Task description => Nothing but the lines from the one holding "Wooden bridge over" through the last line of the material below should be set down, exactly and without images.

Dataset content =>
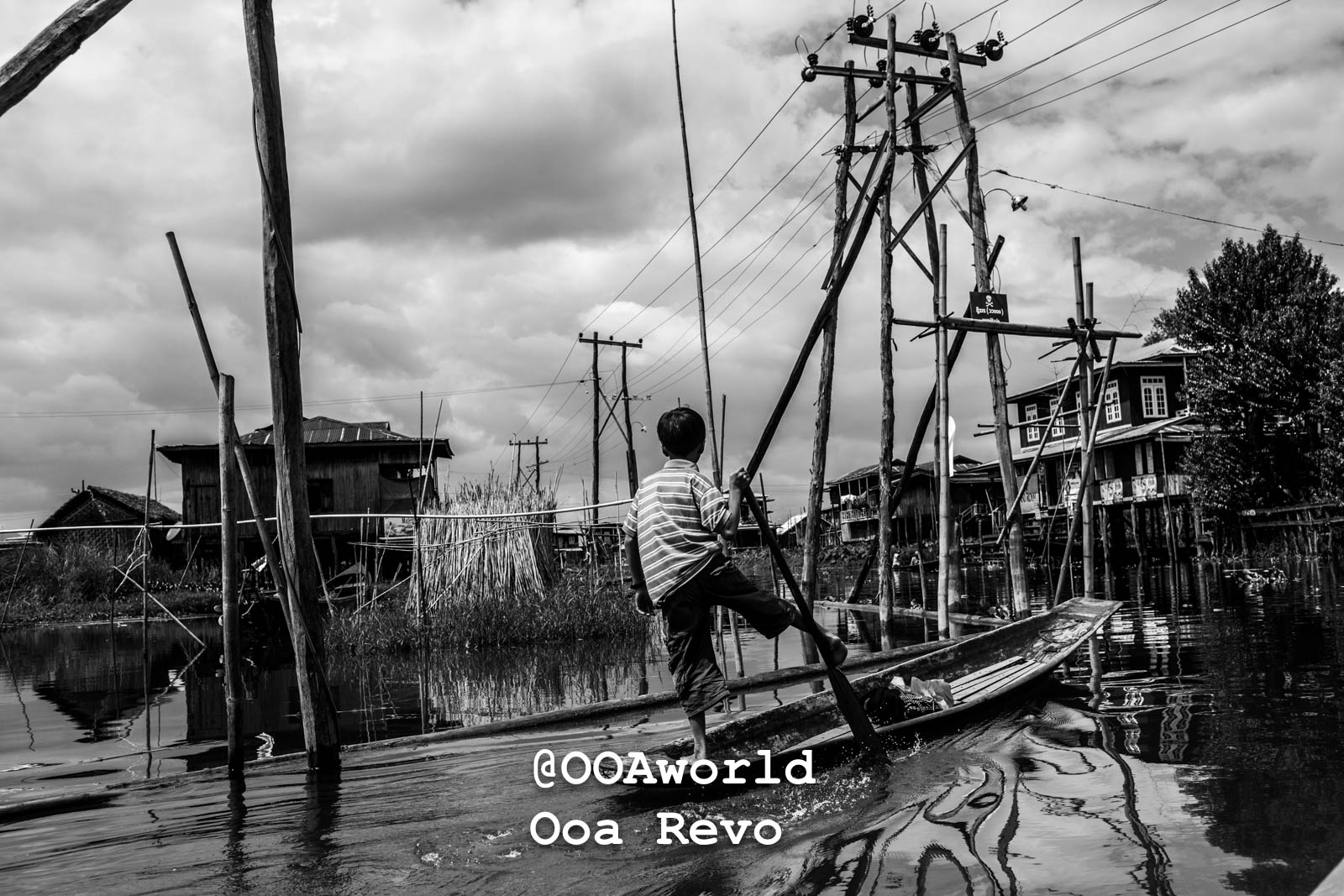 Inle Lake People and Landscape Inle Lake boy rowing boat in canal black and white Photo OOAworld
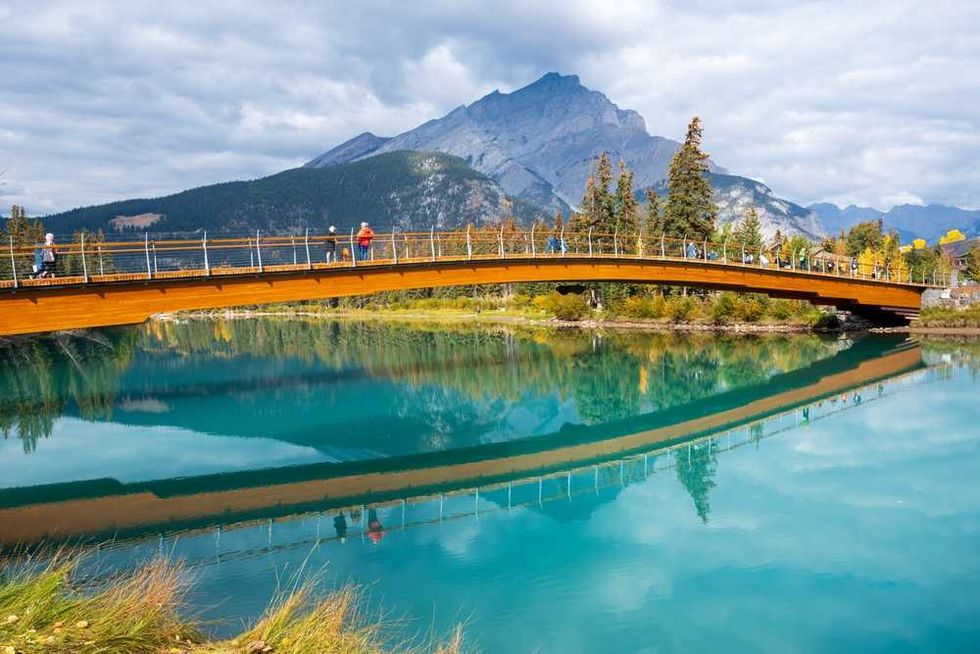 Wooden bridge over a turquoise river, with mountains and sky reflected in the water.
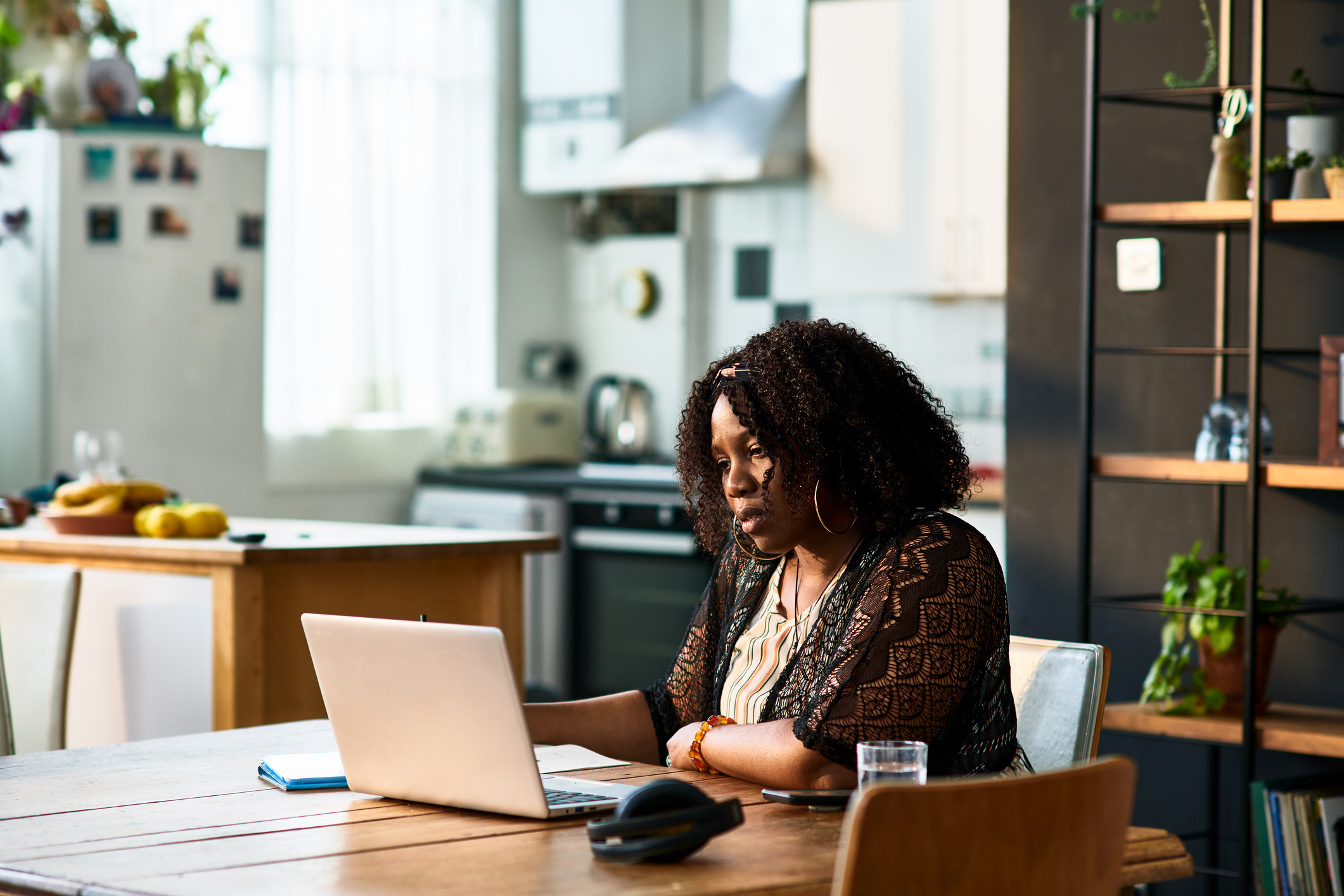A woman sits at a counter in the kitchen facing a large window while looking at her phone.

Your response =>
 Wooden bridge over a turquoise river, with mountains and sky reflected in the water.
A woman sits at a counter in the kitchen facing a large window while looking at her phone.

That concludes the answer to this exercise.